What the task asks >>
Here is the task for the listing below: output exactly the lines from the one containing "Autel Autolink Al329(Atualização" through the one containing "Doodle Dinos Duvet Cover", and leave out the pictures.

Supplied records >>
- Opening Delimiter -

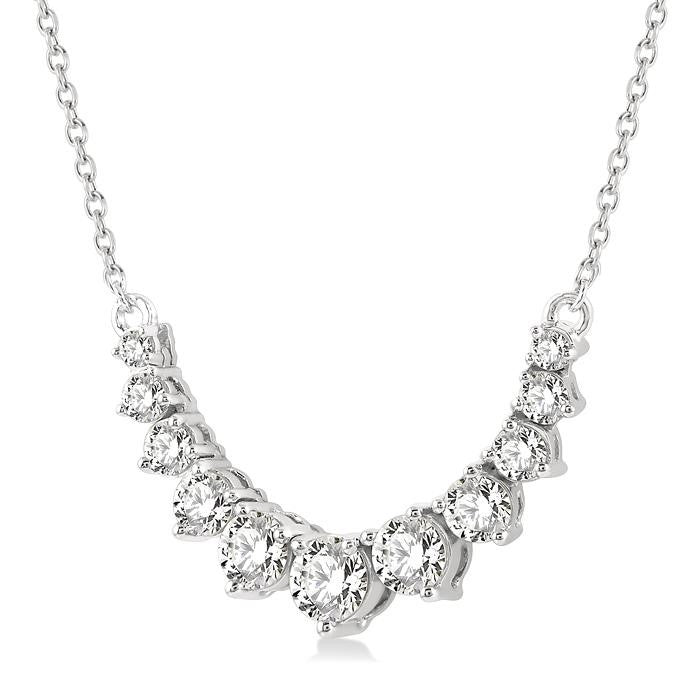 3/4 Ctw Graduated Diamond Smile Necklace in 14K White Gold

- Closing Delimiter -
- Opening Delimiter -

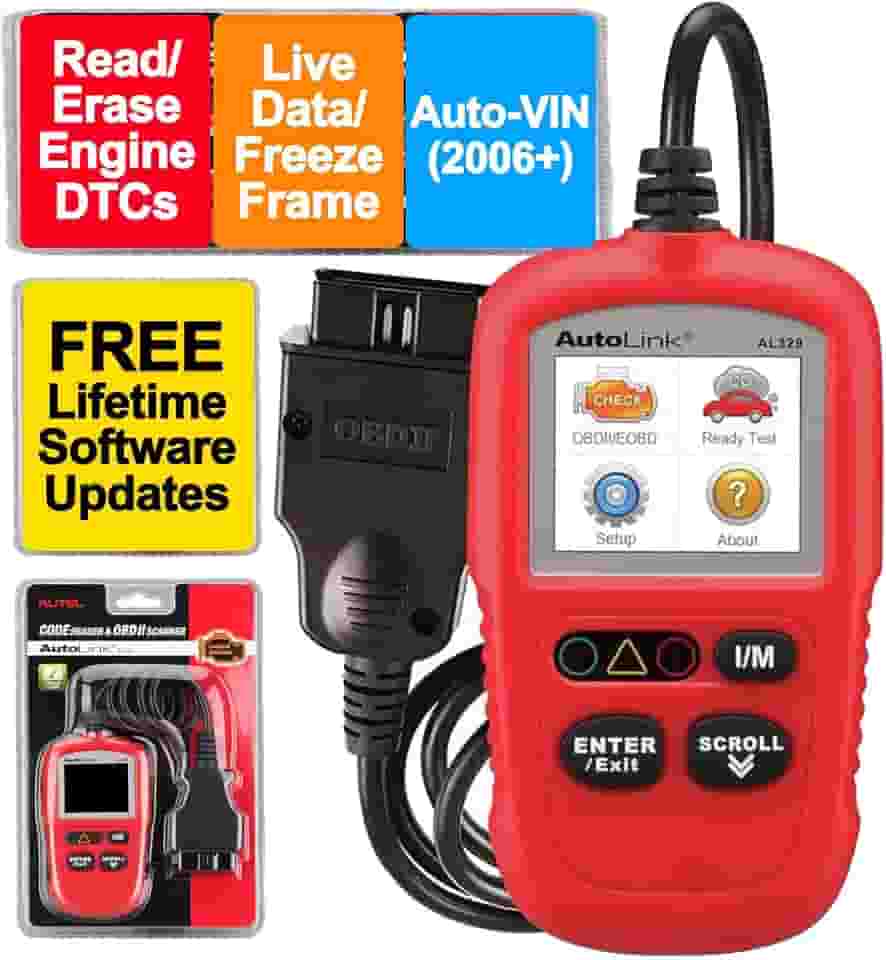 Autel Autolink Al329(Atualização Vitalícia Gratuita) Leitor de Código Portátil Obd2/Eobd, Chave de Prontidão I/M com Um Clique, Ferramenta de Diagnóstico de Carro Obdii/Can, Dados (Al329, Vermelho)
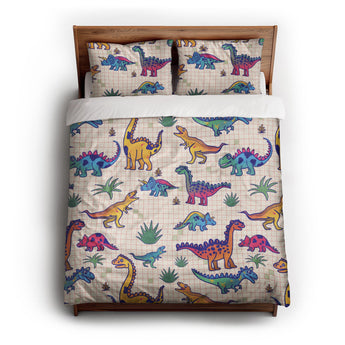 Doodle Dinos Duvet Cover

- Closing Delimiter -

Solved exercise >>
 Autel Autolink Al329(Atualização Vitalícia Gratuita) Leitor de Código Portátil Obd2/Eobd, Chave de Prontidão I/M com Um Clique, Ferramenta de Diagnóstico de Carro Obdii/Can, Dados (Al329, Vermelho)
 Doodle Dinos Duvet Cover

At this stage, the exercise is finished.